Połączyłem się z kolegą mieszkającym w Moskwie. Supermarket omawianej sieci jest jednym z najpopularniejszych sklepów na Wschodzie:
– Ten numer przerabiany już jest od kilku lat. Kiedy Zachód wprowadził sankcje gospodarcze, Rosjanie zaczęli oszczędzać. U nas nikt tego nie pilnuje. Podam przykład: młodzież wymyśliła zachowanie, które można nazwać „kaptur”. Na czym polega? Z grupy kumpli wybiera się najbardziej rosłego kolegę, do kaptura jego kurtki wrzuca się flaszkę wódki, wiedząc, że zasięg czujników nie wykryje kradzieży.
Złodziei łapie się na gorącym uczynku. Zdarzają się nietypowe „przechwyty”. Do punktu kasowego podchodzi człowiek z butelką whisky, w której zamiast drogiego trunku jest herbata. Gdyby uważnie prześledzić monitoring sklepu, wyszłoby, że mężczyzna butelkę po whisky napełnioną herbatą ukrywa pod kurtką. Potem w sekundę podmienia ją na normalną whisky z półki, tę chowa pod kurtką. Może bezpiecznie wyjść, bo ochroniarzom wszystko na półkach się zgadza.
Inny sposób, to wózki dziecięce. Skradzione towary chowane są w wózku, który później i tak piszczy po przekroczeniu bramek, bo jest metalowy. Nie każdy ochroniarz to sprawdza. Tu działa zwykła psychologia – rodzice z małymi dziećmi są bardziej wiarygodni.
Od kilku lat popularna jest tzw. „broń” albo „torba”. Robi się aluminiowy przenośny worek i chowa go w plecaku lub w kolejnej torbie. Właśnie tak wynosi się skradzione artykuły, bo aluminium zagłusza czujniki. Za „przenośnik” może posłużyć także pudło po butach, najlepiej dobrej, drogiej firmy typu Badura, Venezia czy Kazar. Ochrona już na wejściu widzi, że ma do czynienia z poważnym klientem. Pudełko jest oczywiście puste – do czasu. Potem wynosi się w nim skradzione, zapakowane w aluminium, rzeczy. Ochrona nie reaguje – poważnych klientów nie stawia się w kłopotliwej sytuacji...

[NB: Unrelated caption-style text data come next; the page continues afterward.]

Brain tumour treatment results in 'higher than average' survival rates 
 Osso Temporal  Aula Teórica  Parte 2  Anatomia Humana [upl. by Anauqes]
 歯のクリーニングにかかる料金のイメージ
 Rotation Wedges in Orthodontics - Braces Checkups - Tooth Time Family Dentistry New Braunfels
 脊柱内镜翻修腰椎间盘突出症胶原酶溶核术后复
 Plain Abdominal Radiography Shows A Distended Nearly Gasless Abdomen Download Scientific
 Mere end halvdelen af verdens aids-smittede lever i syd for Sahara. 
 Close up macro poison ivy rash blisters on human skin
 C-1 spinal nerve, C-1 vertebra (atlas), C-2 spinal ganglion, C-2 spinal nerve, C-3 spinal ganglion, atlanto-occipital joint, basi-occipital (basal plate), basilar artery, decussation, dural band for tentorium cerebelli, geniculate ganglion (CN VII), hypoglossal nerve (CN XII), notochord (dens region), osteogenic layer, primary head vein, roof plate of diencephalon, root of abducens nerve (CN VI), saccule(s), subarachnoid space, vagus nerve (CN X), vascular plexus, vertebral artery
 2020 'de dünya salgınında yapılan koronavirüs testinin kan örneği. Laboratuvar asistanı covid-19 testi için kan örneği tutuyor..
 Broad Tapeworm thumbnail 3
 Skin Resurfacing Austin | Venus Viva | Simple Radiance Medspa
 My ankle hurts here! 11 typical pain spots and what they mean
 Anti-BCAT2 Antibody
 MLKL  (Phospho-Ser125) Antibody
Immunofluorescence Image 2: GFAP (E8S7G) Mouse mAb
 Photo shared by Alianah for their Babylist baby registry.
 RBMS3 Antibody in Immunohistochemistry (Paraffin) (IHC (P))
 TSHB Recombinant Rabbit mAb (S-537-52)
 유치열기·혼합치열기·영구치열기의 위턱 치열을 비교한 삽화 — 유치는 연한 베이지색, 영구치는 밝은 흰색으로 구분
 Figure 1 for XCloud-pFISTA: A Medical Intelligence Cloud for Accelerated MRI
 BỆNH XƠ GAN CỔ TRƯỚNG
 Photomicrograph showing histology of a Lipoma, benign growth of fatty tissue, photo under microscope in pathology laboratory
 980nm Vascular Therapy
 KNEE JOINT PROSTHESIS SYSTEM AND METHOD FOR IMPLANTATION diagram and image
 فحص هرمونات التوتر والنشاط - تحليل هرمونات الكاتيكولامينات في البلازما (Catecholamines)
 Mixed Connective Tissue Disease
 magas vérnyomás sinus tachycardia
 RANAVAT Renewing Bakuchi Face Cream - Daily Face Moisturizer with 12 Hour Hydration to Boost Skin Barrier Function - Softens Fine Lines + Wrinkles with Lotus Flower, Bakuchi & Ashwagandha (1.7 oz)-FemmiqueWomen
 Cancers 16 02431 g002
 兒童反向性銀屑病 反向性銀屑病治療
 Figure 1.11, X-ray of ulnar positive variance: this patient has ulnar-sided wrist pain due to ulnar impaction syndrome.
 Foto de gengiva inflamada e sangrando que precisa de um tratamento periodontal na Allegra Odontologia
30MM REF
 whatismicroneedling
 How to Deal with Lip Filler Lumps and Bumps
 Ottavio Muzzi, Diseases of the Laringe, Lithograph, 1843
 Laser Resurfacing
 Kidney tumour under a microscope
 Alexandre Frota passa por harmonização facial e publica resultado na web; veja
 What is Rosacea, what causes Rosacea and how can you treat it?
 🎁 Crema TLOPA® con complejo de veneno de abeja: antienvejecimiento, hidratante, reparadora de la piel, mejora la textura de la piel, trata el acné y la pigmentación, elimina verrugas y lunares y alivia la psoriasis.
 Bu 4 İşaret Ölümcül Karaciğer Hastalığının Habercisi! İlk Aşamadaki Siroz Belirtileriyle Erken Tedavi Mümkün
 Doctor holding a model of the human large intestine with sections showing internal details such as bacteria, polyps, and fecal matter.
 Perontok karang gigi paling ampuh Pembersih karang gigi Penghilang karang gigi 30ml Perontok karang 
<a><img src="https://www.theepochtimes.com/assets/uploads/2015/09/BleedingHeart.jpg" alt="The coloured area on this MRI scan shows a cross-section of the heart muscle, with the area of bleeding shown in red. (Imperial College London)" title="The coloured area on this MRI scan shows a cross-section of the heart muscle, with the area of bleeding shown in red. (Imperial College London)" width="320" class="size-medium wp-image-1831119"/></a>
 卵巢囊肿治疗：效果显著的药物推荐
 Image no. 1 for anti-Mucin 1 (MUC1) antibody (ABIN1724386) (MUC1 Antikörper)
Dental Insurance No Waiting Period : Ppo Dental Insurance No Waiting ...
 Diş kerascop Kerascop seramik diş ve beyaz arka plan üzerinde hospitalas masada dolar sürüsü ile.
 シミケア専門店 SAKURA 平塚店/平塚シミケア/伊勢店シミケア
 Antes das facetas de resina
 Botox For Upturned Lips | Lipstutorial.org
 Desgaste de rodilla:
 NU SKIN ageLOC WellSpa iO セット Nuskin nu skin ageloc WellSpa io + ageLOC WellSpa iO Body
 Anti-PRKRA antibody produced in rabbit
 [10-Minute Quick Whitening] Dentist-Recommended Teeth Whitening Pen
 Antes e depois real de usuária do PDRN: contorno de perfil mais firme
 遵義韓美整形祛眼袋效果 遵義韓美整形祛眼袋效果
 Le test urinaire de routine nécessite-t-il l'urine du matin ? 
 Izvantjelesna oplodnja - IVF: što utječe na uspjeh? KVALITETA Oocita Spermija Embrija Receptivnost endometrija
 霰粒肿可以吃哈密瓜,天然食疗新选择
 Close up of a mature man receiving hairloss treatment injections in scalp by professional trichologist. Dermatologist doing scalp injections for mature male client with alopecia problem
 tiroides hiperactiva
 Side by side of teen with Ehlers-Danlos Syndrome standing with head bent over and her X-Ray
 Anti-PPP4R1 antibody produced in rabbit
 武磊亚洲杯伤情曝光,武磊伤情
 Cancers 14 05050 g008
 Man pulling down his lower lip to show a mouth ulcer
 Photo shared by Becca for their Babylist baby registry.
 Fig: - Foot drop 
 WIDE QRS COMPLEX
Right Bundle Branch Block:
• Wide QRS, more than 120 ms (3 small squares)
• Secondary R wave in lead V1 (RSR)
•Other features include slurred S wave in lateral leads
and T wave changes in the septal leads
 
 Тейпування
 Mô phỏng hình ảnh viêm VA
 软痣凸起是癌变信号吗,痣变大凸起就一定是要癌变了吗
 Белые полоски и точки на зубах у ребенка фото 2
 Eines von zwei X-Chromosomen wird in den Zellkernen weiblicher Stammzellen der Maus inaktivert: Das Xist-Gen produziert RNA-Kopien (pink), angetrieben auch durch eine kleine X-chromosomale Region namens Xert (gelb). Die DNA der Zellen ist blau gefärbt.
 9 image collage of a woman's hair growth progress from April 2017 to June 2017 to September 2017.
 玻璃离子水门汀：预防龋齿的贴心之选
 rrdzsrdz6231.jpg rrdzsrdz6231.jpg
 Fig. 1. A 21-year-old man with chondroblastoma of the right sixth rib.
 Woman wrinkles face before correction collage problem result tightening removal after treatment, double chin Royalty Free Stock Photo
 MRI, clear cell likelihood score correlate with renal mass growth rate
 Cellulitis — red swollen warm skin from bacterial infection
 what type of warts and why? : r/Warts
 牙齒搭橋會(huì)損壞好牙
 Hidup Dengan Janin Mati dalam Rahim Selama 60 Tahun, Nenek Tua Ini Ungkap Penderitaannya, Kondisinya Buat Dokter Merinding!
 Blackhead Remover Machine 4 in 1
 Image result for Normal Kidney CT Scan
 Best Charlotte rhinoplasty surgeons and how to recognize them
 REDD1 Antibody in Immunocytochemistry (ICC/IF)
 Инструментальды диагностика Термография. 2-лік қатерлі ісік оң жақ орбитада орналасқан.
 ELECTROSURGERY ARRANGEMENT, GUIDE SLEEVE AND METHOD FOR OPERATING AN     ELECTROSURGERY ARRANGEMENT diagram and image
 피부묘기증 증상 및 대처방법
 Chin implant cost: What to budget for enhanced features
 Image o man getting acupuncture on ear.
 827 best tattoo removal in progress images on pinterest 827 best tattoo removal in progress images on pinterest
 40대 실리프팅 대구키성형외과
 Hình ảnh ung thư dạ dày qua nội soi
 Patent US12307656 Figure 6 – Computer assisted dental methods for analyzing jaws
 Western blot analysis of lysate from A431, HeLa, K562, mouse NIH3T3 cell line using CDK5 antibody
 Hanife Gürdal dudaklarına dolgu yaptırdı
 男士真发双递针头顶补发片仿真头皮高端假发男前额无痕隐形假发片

Nie macie aluminiowych toreb? W internecie jest wszystko: zagłuszacze bramek, gotowe torby, druciki, nawet magnesy.
Sklepowy detektyw ujawnia: – Czasami nie zabezpieczamy naszych artykułów kodem magnetycznym, czyli klipsem lub – jak mawiają ochroniarze – batonem, by zwrócić uwagę złodziei na te właśnie artykuły. Lepiej, żeby ukradli coś tańszego niż np. wyroby Armaniego czy Hugo Bossa. Dlaczego? Bo na utratę wyrobów naszych wewnętrznych producentów nas stać. Jeśli jednak łapiemy takiego złodzieja, często straszy nas zemstą i sugeruje odwet na tzw. mieście. Jedynie w niewielkim procencie są to prawdziwe groźby.
To tylko mały procent znanych do tej pory sposobów. Nieodkryte zostają te najbardziej nietypowe.